First options backdating investigation initiated by SEC

Brocade Communications Systems has become the first company to be formally investigated by the SEC regarding the recent options backdating issue.

According to the SEC’s complaint document, which names three former executives of the company as plaintiffs, from 2000 through 2004 the company inflated net income by understating their options-related expense through fraudulent schemes to backdate options.

Under US GAAP, options granted with an exercise price higher than the current market price did not need to be expensed, but options granted with an exercise price lower than the market price (known as “in the money”, or as I like to call it – instant profits) must be expensd.

So, Brocade is alleged to have granted in the money options to their execs and backdated them to when they were “out of the money”, in order to avoid the expense while allowing the executives to reap instant profits.

I’m going to have a post in the near-future where I outline current Canadian GAAP related to stock-based compensation, so stay tuned for that gem!


Depicting Waste Management fraud to enhance understanding

Dan Meyer’s blog, Tick Marks, has directed me to an interesting section of The Focal Point’s website, highlighting the work it did in helping the prosecution of the fraud case of the former head of Waste Management, James Koenig.

The Focal Point is a company that makes “all forms of courtroom presentations more persuasive by making these cases easier for judges and jurors to understand.”

In this case, they used visuals to represent the complex accounting treatments used in the fraud and enable the ordinary citizens making up the jury understand the gravity of Koenig’s manipulations.


FASB’s new man talks advanced accounting topics

The accounting standards setting group in the United States is known as the Financial Accounting Standards Board (FASB) and consists of seven board members who are appointed to five year terms. The most recent appointment was Thomas J. Linsmeier, and has a pretty good interview with him on some of the issues currently facing the Board.

The issues he discusses are: the conceptual framework underlying the principles of accounting, fair value accounting, and the complex topics of pension and lease accounting.

When you talk about historical cost and fair value, those two numbers are identical at an exchange transaction date. Then the issue becomes whether or not you want to re-measure the transaction price at a fair value in the future in the [accounting] model, or take the old transaction price and allocate it over time to the income statement. The real open question when you make that trade-off is, how might investors best be served?

I previously blogged about fair value accounting, when I talked about an article that was unrealistic in its stated desire for the net assets of the balance sheet to represent the stock market value of the company. It’s important to note that fair value is cost on the date of the transaction, and it’s only later on through use that the asset’s value is different from its cost less depreciation.

Our accounting model — and the standards in it — have been developed component by component. A weakness in the model is that we have not seriously considered the implications the separate accounting decisions have on aggregating financial reporting across line items. So a mixed-attribute model obviously causes challenges in that aggregation.
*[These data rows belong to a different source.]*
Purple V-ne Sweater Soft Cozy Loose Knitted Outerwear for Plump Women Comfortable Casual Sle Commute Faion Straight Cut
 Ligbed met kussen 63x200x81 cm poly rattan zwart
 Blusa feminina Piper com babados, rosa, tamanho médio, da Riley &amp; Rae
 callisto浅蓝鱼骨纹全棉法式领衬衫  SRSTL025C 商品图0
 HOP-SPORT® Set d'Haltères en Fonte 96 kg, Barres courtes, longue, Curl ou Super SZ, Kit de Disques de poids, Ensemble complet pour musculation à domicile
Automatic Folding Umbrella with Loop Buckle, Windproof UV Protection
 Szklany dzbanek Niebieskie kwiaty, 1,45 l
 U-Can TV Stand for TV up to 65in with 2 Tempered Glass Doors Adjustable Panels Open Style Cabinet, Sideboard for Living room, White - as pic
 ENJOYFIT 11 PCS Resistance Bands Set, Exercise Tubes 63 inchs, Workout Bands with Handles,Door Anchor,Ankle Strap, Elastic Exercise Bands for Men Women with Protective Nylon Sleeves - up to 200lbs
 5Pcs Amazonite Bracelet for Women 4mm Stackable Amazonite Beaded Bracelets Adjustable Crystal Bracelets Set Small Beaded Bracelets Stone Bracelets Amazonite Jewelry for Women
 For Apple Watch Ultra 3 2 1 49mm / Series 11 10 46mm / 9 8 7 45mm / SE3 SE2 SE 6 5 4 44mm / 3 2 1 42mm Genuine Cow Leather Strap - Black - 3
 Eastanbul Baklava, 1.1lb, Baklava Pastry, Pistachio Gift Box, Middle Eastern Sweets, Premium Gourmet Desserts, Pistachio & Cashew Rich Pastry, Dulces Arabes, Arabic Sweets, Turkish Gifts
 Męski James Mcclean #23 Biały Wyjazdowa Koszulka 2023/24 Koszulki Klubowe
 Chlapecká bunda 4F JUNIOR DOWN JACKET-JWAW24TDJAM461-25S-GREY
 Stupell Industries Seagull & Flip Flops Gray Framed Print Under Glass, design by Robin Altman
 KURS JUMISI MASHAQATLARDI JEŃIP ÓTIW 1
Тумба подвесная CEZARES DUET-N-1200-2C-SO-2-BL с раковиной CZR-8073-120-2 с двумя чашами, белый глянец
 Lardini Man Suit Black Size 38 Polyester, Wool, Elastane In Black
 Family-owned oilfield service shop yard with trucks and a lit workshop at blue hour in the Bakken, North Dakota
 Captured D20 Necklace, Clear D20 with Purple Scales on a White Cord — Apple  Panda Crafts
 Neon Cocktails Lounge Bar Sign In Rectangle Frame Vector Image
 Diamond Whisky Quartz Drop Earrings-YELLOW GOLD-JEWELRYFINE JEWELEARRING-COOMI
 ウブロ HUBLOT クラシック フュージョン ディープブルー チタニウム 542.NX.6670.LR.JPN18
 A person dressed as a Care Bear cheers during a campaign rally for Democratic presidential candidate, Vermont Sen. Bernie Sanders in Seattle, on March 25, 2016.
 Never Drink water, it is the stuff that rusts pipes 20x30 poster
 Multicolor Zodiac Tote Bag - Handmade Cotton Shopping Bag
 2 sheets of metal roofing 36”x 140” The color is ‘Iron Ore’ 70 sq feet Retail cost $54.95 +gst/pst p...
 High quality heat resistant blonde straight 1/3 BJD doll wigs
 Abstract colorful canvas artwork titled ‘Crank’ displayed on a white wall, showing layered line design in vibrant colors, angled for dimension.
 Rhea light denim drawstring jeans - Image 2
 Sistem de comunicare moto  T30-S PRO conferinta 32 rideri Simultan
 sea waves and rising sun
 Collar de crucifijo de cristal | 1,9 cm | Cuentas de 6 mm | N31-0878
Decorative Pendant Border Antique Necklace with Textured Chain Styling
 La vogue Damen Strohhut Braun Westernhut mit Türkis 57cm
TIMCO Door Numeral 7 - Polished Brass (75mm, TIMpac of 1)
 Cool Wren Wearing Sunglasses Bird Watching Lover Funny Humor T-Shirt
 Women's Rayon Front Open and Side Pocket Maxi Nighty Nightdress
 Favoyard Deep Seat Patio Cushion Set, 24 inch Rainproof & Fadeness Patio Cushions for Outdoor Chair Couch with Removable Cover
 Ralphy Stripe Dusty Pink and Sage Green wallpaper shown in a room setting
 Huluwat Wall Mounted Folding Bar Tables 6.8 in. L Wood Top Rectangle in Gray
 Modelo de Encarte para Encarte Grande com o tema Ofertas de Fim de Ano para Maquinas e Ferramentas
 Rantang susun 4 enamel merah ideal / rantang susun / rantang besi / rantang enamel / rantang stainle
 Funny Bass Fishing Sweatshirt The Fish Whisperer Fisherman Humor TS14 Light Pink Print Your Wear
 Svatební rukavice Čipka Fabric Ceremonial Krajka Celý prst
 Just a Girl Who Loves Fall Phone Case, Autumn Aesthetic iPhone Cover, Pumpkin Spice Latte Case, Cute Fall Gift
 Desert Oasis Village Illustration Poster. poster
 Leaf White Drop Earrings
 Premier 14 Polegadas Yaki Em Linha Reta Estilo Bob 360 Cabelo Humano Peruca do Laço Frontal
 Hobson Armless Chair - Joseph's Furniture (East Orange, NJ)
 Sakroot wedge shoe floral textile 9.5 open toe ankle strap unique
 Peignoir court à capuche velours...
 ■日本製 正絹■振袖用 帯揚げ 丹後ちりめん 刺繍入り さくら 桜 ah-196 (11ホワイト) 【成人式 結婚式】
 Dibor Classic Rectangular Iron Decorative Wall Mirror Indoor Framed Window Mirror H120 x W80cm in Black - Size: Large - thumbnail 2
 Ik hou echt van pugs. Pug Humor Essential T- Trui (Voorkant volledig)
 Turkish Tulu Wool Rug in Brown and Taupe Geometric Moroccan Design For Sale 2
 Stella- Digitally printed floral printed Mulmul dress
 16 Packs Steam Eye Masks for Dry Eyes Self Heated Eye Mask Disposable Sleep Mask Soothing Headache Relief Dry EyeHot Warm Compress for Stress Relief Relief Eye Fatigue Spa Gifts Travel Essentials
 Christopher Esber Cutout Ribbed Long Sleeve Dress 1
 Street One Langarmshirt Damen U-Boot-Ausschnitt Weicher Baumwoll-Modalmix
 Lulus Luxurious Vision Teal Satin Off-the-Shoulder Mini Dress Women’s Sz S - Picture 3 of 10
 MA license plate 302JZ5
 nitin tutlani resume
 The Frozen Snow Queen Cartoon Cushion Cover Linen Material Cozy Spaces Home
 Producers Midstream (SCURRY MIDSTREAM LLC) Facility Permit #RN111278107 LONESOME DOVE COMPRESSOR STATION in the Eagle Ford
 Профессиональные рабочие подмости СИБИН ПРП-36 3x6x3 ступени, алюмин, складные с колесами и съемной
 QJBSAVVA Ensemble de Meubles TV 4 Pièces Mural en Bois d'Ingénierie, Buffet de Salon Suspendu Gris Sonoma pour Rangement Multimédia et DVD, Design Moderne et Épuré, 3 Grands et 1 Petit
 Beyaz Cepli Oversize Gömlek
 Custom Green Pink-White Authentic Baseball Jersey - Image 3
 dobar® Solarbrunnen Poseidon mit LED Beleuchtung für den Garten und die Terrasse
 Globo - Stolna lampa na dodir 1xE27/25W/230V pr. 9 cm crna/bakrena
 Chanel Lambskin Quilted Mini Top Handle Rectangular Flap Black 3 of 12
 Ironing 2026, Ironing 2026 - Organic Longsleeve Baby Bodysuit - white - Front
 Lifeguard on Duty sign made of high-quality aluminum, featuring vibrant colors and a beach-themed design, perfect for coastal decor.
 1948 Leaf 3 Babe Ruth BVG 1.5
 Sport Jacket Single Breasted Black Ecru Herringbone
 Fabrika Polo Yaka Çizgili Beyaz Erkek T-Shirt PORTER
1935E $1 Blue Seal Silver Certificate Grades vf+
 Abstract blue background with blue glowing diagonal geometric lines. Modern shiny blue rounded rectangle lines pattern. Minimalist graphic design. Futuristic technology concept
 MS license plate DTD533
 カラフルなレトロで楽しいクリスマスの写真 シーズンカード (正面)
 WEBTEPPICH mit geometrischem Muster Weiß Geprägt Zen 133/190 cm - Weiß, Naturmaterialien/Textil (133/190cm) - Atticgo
This is a weakness of all accounting models, whether its Canadian GAAP, US GAAP or International Financial Reporting Standards (IFRS). I don’t really see any alternative, giving the evolving nature of business transactions.

We could conceivably take everything we’ve done to this point and construct a simpler, unified set of principles, but it would inevitably end up convoluted again as we would add more components to account for financial constructs the likes of which we can’t imagine at this point.

I don’t think it’s hopeless or not worth trying to achieve, but I’m skeptical it will stand the test of time.

Anyway, check out the interview if you’re interested in the accounting profession in the US. Interesting that no mention is made of convergence with international standards, however.